In settings where gastrostomy feeds are no longer tolerated, a trial of jejunal feeds can be performed by placing a jejunal tube alongside an existing PEG, or by placing a PEG tube with transgastric jejunostomy tube (PEG-J), through which where a jejunal extension tube allows transpyloric feeding. These techniques provide a short-term feeding solution and may predict the response to a surgical jejunostomy or PEJ. However, they are seldom a long-term solution since these tubes also tend to recoil into the stomach, become clogged, and may be of little value in preventing pre-existing oropharyngeal aspiration [6,71]. PEJ tubes have significantly better long-term patency and stability of feeding access compared with PEG-J tubes [66,72].
SOCIETY GUIDELINE LINKS — Links to society and government-sponsored guidelines from selected countries and regions around the world are provided separately. (See "Society guideline links: Nutrition support (parenteral and enteral nutrition) in adults".)
SUMMARY AND RECOMMENDATIONS
●The choice and route of enteral feeding is based upon the clinical setting, expected duration that support will be required, and assessment of the risk of complications. Enteral rather than parenteral nutrition is preferred in most patients (unless there are specific contraindications) since it is a safer and more physiological means of nutritional support. (See 'Issues for deciding upon the type of enteral nutrition' above.)
●Most patients can be started on low volume continuous intragastric feeds. However, we suggest beginning with jejunal feeding in patients with any of the following features: recurrent aspiration of gastric contents, esophageal dysmotility with a history of regurgitation, or delayed gastric emptying (Grade 2C). (See 'Gastric feeding' above.)
●Additional settings in which post-pyloric feeding can be considered include: severe gastroesophageal reflux (GER) and esophagitis, recurrent emesis, post-surgery/multiple trauma, gastric, antroduodenal dysmotility, patients with decreased bowel sounds and those on paralytic agents (where gastric motility may be impaired more than intestinal motility). The main disadvantages of post-pyloric feeding are related to difficulty with the placement of the tubes, clogging, and maintenance of their proper positions. (See 'Post-pyloric feeding' above.)

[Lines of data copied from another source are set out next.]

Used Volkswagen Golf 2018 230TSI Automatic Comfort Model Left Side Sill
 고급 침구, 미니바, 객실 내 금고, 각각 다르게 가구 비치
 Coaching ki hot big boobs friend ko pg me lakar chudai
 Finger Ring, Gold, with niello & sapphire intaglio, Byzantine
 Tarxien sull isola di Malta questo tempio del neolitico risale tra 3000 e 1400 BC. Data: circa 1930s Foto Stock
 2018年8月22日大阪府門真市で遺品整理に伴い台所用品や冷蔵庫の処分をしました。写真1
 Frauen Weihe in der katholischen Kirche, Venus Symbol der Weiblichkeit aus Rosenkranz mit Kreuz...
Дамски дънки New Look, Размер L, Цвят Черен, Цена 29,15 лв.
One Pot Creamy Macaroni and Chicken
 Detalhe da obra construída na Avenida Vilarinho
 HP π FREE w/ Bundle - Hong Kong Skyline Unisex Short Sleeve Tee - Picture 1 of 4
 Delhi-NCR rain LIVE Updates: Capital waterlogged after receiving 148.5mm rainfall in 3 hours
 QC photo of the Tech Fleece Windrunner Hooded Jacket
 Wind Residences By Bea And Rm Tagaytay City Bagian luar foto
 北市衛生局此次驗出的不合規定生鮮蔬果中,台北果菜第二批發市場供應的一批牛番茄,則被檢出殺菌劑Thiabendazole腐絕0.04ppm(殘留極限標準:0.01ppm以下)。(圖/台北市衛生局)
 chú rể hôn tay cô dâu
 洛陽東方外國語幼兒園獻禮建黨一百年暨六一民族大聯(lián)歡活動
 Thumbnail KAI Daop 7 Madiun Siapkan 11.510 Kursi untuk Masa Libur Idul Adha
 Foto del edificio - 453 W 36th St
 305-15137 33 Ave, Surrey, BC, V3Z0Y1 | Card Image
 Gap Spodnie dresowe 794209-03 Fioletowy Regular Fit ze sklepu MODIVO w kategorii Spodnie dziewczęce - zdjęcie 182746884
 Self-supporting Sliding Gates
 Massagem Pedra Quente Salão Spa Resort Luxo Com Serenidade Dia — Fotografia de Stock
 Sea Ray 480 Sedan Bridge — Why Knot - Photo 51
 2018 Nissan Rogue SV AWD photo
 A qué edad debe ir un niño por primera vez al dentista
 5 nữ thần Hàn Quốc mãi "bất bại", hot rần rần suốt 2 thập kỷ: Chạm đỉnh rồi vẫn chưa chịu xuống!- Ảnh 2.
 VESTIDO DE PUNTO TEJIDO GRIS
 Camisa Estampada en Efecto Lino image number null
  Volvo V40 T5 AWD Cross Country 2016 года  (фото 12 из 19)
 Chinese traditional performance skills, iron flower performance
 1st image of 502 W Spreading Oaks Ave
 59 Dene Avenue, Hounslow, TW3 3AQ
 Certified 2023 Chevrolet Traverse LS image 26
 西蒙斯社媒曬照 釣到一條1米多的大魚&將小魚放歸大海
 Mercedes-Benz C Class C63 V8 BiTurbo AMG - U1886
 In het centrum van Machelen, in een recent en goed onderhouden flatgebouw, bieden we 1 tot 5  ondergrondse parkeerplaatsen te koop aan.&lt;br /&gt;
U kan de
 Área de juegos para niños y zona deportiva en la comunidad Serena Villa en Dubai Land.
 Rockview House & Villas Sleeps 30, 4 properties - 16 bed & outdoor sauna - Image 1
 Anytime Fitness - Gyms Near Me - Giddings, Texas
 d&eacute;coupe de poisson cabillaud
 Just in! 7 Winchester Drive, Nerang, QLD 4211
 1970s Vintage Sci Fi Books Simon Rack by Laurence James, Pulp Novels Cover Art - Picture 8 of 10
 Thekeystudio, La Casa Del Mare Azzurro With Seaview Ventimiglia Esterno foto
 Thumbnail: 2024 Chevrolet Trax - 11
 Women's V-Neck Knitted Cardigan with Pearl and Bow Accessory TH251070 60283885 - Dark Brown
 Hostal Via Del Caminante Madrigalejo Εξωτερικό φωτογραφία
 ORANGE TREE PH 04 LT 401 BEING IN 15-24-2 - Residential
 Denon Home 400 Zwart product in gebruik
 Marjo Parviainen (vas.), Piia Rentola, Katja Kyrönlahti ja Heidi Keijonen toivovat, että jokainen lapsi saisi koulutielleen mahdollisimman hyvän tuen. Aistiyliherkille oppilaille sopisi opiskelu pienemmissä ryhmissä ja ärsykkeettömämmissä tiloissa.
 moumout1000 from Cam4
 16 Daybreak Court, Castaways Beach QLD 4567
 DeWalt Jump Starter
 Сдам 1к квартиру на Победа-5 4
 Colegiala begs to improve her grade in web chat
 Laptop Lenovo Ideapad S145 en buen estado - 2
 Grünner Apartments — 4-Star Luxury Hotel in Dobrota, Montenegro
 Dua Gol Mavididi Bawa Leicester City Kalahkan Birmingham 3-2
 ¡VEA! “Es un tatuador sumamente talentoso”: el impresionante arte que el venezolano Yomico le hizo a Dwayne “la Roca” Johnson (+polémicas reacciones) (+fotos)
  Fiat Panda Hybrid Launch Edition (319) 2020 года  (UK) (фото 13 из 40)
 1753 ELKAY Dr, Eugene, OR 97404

●There continues to be practice variation in use of post-pyloric versus gastric feedings in critically ill patients. In a pediatric intensive care unit (ICU), post-pyloric feeding is often used due to relative ease of placement, whereas in many adult ICUs, gastric feedings are often used initially because of the inconvenience of placing and maintaining post-pyloric feeding tubes in older patients.
●Enteral feeding can be associated with complications. The importance of assessing each individual's risk of GER and possible aspiration pneumonia cannot be overstated. (See 'Disadvantages of gastric feeds' above and 'Disadvantages of post-pyloric feeding' above.)